BEGIN DATASET EXCERPT
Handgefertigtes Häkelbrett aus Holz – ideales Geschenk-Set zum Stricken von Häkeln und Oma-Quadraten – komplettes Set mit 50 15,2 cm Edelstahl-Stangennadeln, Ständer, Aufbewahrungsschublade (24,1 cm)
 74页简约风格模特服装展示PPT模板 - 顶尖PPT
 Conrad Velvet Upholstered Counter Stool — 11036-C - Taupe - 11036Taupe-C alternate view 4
END DATASET EXCERPT
→ EXERCISE DETAILS:
The material must be written out again in full and without changes.

→ COMPLETED TASK:
Handgefertigtes Häkelbrett aus Holz – ideales Geschenk-Set zum Stricken von Häkeln und Oma-Quadraten – komplettes Set mit 50 15,2 cm Edelstahl-Stangennadeln, Ständer, Aufbewahrungsschublade (24,1 cm)
 74页简约风格模特服装展示PPT模板 - 顶尖PPT
 Conrad Velvet Upholstered Counter Stool — 11036-C - Taupe - 11036Taupe-C alternate view 4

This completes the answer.